DailyGlimpse

The Great NFT Shell Game: How VCs Are Flipping Tokens Instead of Building Value

AI
May 2, 2026 · 4:21 PM

A recent exposé reveals that many venture capitalists are treating NFTs not as innovative assets but as speculative trading vehicles. The practice involves VCs acquiring non-fungible tokens at low prices, often through private deals or early minting, and quickly reselling them at inflated prices to retail investors. This behavior mirrors classic pump-and-dump schemes, undermining the original ethos of NFTs as digital collectibles or utility tokens.

The investigation highlights how some VC firms prioritize short-term gains over long-term project development. By leveraging their influence and access, they create artificial hype around certain NFT projects, only to exit before the inevitable price crash. This leaves retail holders with depreciating assets and questions the sincerity of institutional involvement in the crypto space.

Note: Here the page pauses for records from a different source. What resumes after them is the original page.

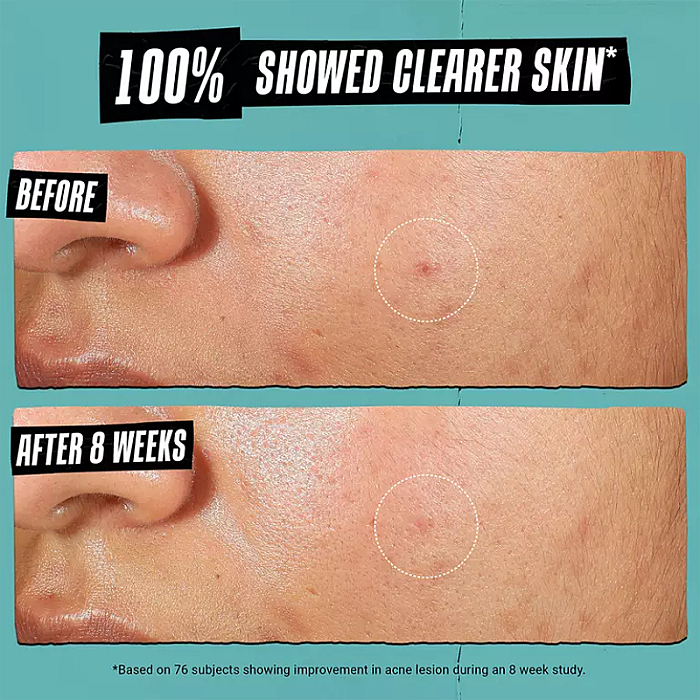 Crema anti-imperfectiuni cu acid salicilic si niacinamide Expertly Clear Blemish-Treating & Preventing Lotion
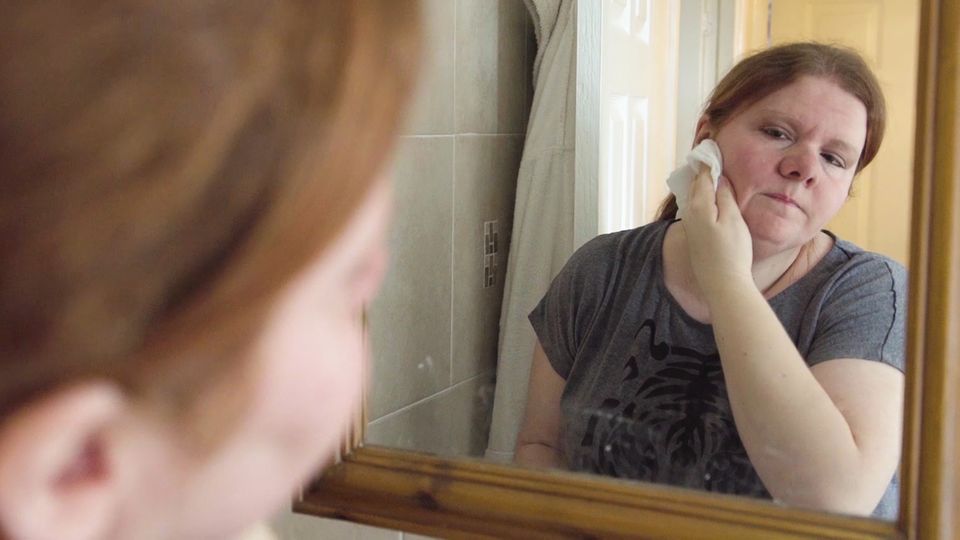 Seltenes Leiden: Diese Frau riecht immer nach Fisch, egal wie oft sie sich wäscht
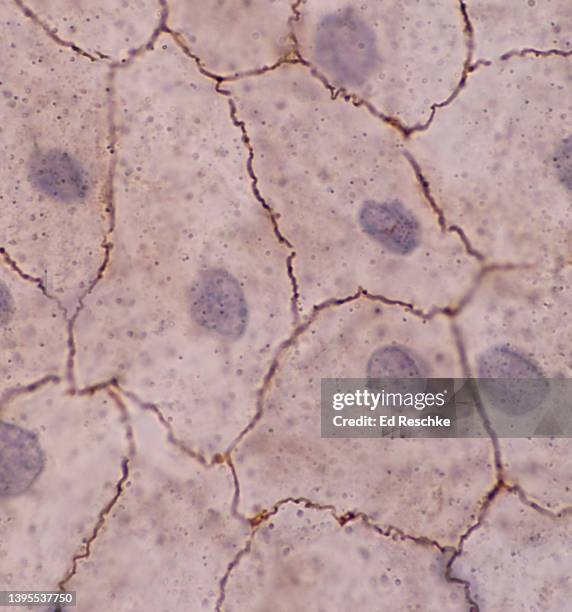 mesothelium (or simple squamous epithelium or pavement epithelium) peritoneum, 400x - simple squamous epithelium fotografías e imágenes de stock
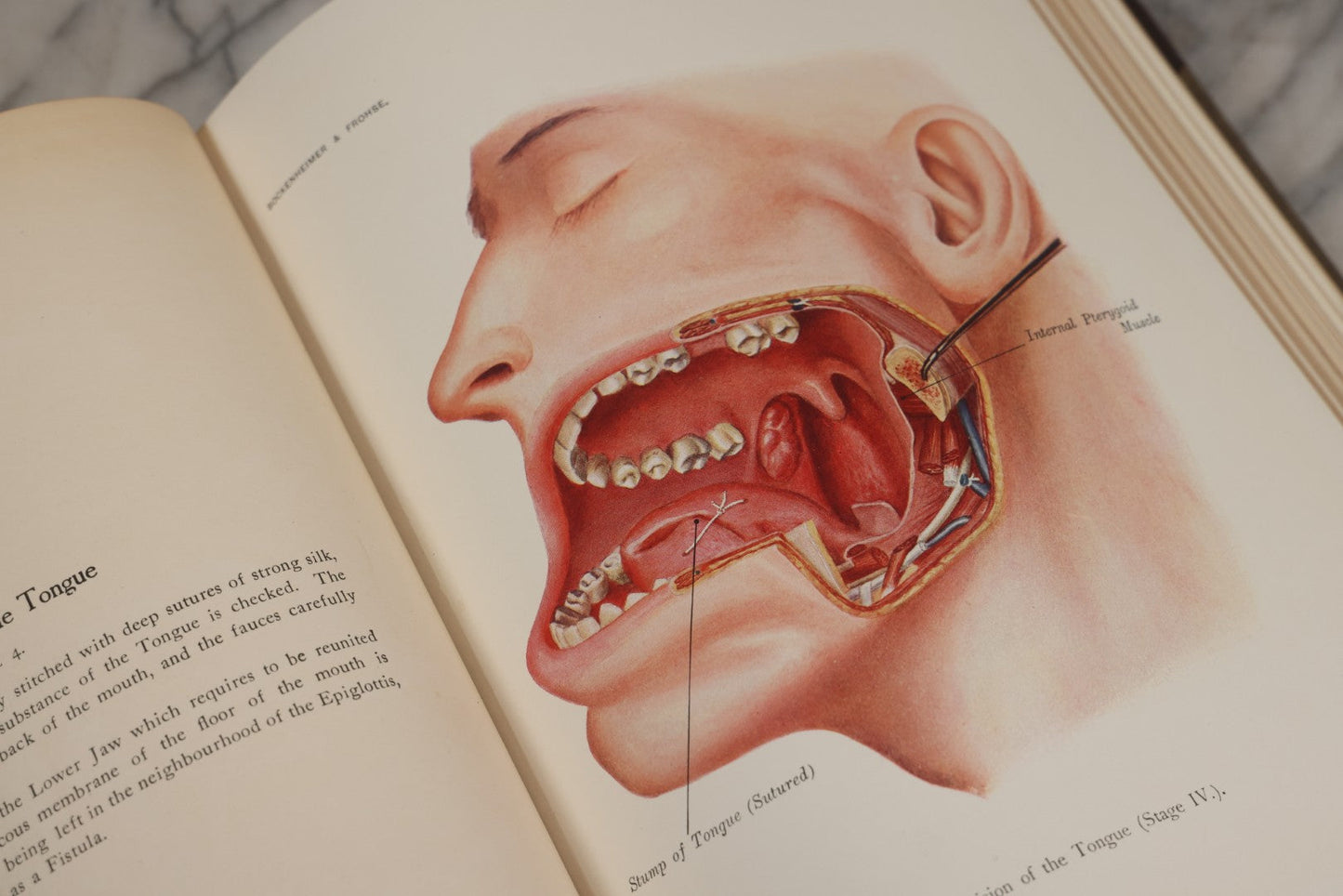 Lot 002 - "Atlas Of Typical Operations In Surgery" Antique Book By Dr. Ph. Bockenheimer & Dr. Fritz Frohse, With 60 Full Color Illustrations By Franz Frohse, English Adaptation By J. Howell Evans, Rebman Company, New York, Publishers, Circa 1900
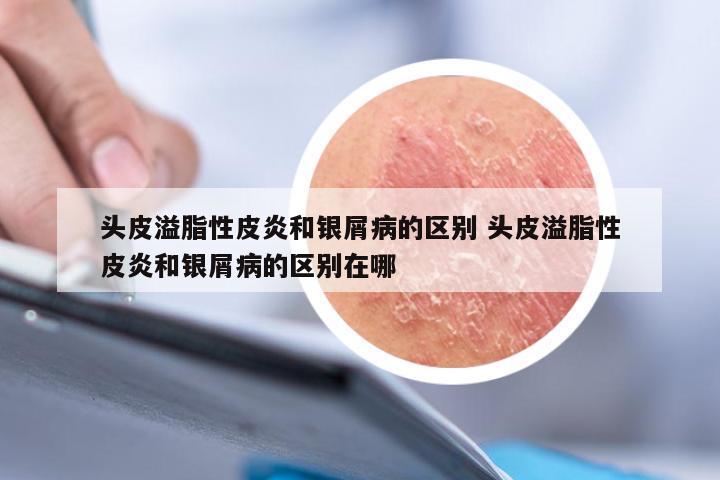 头皮溢脂性皮炎和银屑病的区别 头皮溢脂性皮炎和银屑病的区别在哪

"It's a sophisticated form of market manipulation," said an anonymous industry insider. "They use their reputations to lend credibility to projects, but their real goal is flipping tokens for a quick profit."

Critics argue that this behavior betrays the decentralized, community-driven ideals that NFTs were supposed to represent. Instead, it reinforces the same insider advantages that plague traditional finance.

The full report, titled "Why VCs are Just Trading NFTs (Exposed)", was published by The Parameter AI and has garnered significant attention, sparking debate about the role of venture capital in emerging markets.